Task to complete = Please return the material exactly; leave no entry out.

Source records =

§ §

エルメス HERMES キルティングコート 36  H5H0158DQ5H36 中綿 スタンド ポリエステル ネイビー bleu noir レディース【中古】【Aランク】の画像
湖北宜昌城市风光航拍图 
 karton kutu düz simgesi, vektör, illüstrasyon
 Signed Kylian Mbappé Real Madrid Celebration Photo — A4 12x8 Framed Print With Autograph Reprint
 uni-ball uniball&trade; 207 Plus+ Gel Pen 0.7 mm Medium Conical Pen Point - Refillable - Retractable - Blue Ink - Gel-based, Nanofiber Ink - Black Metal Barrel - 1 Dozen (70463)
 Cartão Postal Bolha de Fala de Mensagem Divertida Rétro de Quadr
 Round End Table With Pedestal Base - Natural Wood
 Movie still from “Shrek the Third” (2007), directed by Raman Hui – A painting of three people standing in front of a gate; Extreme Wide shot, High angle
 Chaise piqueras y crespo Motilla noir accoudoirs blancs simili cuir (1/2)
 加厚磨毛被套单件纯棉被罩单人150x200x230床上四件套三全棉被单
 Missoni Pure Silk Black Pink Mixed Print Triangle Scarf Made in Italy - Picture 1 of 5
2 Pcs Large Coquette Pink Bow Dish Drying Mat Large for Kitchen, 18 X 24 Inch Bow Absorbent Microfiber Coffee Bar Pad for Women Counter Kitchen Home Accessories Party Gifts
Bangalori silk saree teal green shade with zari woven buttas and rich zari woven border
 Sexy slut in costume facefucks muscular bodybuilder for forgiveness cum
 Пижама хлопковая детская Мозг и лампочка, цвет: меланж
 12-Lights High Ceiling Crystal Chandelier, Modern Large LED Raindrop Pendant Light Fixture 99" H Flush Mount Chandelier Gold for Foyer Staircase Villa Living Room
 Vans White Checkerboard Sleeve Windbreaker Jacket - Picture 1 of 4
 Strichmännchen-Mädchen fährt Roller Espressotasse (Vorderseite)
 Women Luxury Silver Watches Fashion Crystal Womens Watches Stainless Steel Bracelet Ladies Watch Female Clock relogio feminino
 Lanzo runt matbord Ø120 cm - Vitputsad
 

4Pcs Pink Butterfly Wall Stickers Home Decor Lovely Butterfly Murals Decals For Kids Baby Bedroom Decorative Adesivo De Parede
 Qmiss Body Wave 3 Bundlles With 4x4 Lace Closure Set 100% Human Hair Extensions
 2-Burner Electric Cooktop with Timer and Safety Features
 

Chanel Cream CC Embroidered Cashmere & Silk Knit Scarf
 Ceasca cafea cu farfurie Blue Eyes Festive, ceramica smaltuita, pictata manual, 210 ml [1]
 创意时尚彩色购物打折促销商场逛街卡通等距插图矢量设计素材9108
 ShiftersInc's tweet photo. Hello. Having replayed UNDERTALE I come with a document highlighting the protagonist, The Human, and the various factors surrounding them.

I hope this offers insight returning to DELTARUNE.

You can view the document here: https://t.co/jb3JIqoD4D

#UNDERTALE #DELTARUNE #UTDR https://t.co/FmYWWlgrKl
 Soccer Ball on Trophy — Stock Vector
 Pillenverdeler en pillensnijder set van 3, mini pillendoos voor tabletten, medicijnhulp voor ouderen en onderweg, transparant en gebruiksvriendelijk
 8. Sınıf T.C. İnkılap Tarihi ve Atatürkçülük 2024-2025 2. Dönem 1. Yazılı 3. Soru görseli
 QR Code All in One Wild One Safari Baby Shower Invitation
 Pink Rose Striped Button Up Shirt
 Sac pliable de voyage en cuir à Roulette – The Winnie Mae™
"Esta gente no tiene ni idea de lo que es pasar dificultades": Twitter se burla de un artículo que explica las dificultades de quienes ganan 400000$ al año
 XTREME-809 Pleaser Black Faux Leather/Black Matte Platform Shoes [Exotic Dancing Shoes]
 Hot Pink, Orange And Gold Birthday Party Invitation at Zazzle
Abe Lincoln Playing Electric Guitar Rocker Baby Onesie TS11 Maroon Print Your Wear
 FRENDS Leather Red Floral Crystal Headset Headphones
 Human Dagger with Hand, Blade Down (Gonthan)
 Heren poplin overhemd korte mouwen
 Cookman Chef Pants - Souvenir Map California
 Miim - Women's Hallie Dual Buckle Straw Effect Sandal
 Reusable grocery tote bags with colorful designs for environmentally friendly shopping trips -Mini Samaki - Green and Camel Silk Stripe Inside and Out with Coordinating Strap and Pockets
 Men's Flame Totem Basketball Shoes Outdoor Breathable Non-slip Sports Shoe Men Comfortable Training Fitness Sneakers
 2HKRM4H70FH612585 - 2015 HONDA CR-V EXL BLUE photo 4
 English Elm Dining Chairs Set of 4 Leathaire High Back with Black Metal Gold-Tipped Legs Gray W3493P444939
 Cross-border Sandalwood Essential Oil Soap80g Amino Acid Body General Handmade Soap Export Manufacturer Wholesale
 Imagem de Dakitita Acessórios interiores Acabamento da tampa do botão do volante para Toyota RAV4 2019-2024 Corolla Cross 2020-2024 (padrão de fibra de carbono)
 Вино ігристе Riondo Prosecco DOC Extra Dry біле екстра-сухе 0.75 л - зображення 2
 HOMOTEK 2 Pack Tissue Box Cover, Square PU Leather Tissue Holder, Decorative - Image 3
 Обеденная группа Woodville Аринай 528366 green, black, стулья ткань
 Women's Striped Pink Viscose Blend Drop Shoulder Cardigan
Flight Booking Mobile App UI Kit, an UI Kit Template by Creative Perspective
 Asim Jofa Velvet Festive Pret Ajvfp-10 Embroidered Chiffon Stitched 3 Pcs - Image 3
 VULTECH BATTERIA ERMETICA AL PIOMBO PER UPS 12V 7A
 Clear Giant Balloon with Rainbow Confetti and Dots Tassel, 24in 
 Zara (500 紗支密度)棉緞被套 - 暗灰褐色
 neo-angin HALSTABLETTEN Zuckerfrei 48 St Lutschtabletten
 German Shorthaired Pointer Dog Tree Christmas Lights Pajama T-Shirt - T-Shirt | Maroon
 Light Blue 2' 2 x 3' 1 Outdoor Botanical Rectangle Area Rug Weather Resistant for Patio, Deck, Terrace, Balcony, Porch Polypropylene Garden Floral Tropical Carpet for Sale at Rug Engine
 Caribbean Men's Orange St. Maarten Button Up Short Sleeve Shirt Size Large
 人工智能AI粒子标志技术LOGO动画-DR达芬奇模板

§ §

Written solution =
エルメス HERMES キルティングコート 36  H5H0158DQ5H36 中綿 スタンド ポリエステル ネイビー bleu noir レディース【中古】【Aランク】の画像
湖北宜昌城市风光航拍图 
 karton kutu düz simgesi, vektör, illüstrasyon
 Signed Kylian Mbappé Real Madrid Celebration Photo — A4 12x8 Framed Print With Autograph Reprint
 uni-ball uniball&trade; 207 Plus+ Gel Pen 0.7 mm Medium Conical Pen Point - Refillable - Retractable - Blue Ink - Gel-based, Nanofiber Ink - Black Metal Barrel - 1 Dozen (70463)
 Cartão Postal Bolha de Fala de Mensagem Divertida Rétro de Quadr
 Round End Table With Pedestal Base - Natural Wood
 Movie still from “Shrek the Third” (2007), directed by Raman Hui – A painting of three people standing in front of a gate; Extreme Wide shot, High angle
 Chaise piqueras y crespo Motilla noir accoudoirs blancs simili cuir (1/2)
 加厚磨毛被套单件纯棉被罩单人150x200x230床上四件套三全棉被单
 Missoni Pure Silk Black Pink Mixed Print Triangle Scarf Made in Italy - Picture 1 of 5
2 Pcs Large Coquette Pink Bow Dish Drying Mat Large for Kitchen, 18 X 24 Inch Bow Absorbent Microfiber Coffee Bar Pad for Women Counter Kitchen Home Accessories Party Gifts
Bangalori silk saree teal green shade with zari woven buttas and rich zari woven border
 Sexy slut in costume facefucks muscular bodybuilder for forgiveness cum
 Пижама хлопковая детская Мозг и лампочка, цвет: меланж
 12-Lights High Ceiling Crystal Chandelier, Modern Large LED Raindrop Pendant Light Fixture 99" H Flush Mount Chandelier Gold for Foyer Staircase Villa Living Room
 Vans White Checkerboard Sleeve Windbreaker Jacket - Picture 1 of 4
 Strichmännchen-Mädchen fährt Roller Espressotasse (Vorderseite)
 Women Luxury Silver Watches Fashion Crystal Womens Watches Stainless Steel Bracelet Ladies Watch Female Clock relogio feminino
 Lanzo runt matbord Ø120 cm - Vitputsad
 

4Pcs Pink Butterfly Wall Stickers Home Decor Lovely Butterfly Murals Decals For Kids Baby Bedroom Decorative Adesivo De Parede
 Qmiss Body Wave 3 Bundlles With 4x4 Lace Closure Set 100% Human Hair Extensions
 2-Burner Electric Cooktop with Timer and Safety Features
 

Chanel Cream CC Embroidered Cashmere & Silk Knit Scarf
 Ceasca cafea cu farfurie Blue Eyes Festive, ceramica smaltuita, pictata manual, 210 ml [1]
 创意时尚彩色购物打折促销商场逛街卡通等距插图矢量设计素材9108
 ShiftersInc's tweet photo. Hello. Having replayed UNDERTALE I come with a document highlighting the protagonist, The Human, and the various factors surrounding them.

I hope this offers insight returning to DELTARUNE.

You can view the document here: https://t.co/jb3JIqoD4D

#UNDERTALE #DELTARUNE #UTDR https://t.co/FmYWWlgrKl
 Soccer Ball on Trophy — Stock Vector
 Pillenverdeler en pillensnijder set van 3, mini pillendoos voor tabletten, medicijnhulp voor ouderen en onderweg, transparant en gebruiksvriendelijk
 8. Sınıf T.C. İnkılap Tarihi ve Atatürkçülük 2024-2025 2. Dönem 1. Yazılı 3. Soru görseli
 QR Code All in One Wild One Safari Baby Shower Invitation
 Pink Rose Striped Button Up Shirt
 Sac pliable de voyage en cuir à Roulette – The Winnie Mae™
"Esta gente no tiene ni idea de lo que es pasar dificultades": Twitter se burla de un artículo que explica las dificultades de quienes ganan 400000$ al año
 XTREME-809 Pleaser Black Faux Leather/Black Matte Platform Shoes [Exotic Dancing Shoes]
 Hot Pink, Orange And Gold Birthday Party Invitation at Zazzle
Abe Lincoln Playing Electric Guitar Rocker Baby Onesie TS11 Maroon Print Your Wear
 FRENDS Leather Red Floral Crystal Headset Headphones
 Human Dagger with Hand, Blade Down (Gonthan)
 Heren poplin overhemd korte mouwen
 Cookman Chef Pants - Souvenir Map California
 Miim - Women's Hallie Dual Buckle Straw Effect Sandal
 Reusable grocery tote bags with colorful designs for environmentally friendly shopping trips -Mini Samaki - Green and Camel Silk Stripe Inside and Out with Coordinating Strap and Pockets
 Men's Flame Totem Basketball Shoes Outdoor Breathable Non-slip Sports Shoe Men Comfortable Training Fitness Sneakers
 2HKRM4H70FH612585 - 2015 HONDA CR-V EXL BLUE photo 4
 English Elm Dining Chairs Set of 4 Leathaire High Back with Black Metal Gold-Tipped Legs Gray W3493P444939
 Cross-border Sandalwood Essential Oil Soap80g Amino Acid Body General Handmade Soap Export Manufacturer Wholesale
 Imagem de Dakitita Acessórios interiores Acabamento da tampa do botão do volante para Toyota RAV4 2019-2024 Corolla Cross 2020-2024 (padrão de fibra de carbono)
 Вино ігристе Riondo Prosecco DOC Extra Dry біле екстра-сухе 0.75 л - зображення 2
 HOMOTEK 2 Pack Tissue Box Cover, Square PU Leather Tissue Holder, Decorative - Image 3
 Обеденная группа Woodville Аринай 528366 green, black, стулья ткань
 Women's Striped Pink Viscose Blend Drop Shoulder Cardigan
Flight Booking Mobile App UI Kit, an UI Kit Template by Creative Perspective
 Asim Jofa Velvet Festive Pret Ajvfp-10 Embroidered Chiffon Stitched 3 Pcs - Image 3
 VULTECH BATTERIA ERMETICA AL PIOMBO PER UPS 12V 7A
 Clear Giant Balloon with Rainbow Confetti and Dots Tassel, 24in 
 Zara (500 紗支密度)棉緞被套 - 暗灰褐色
 neo-angin HALSTABLETTEN Zuckerfrei 48 St Lutschtabletten
 German Shorthaired Pointer Dog Tree Christmas Lights Pajama T-Shirt - T-Shirt | Maroon
 Light Blue 2' 2 x 3' 1 Outdoor Botanical Rectangle Area Rug Weather Resistant for Patio, Deck, Terrace, Balcony, Porch Polypropylene Garden Floral Tropical Carpet for Sale at Rug Engine
 Caribbean Men's Orange St. Maarten Button Up Short Sleeve Shirt Size Large
 人工智能AI粒子标志技术LOGO动画-DR达芬奇模板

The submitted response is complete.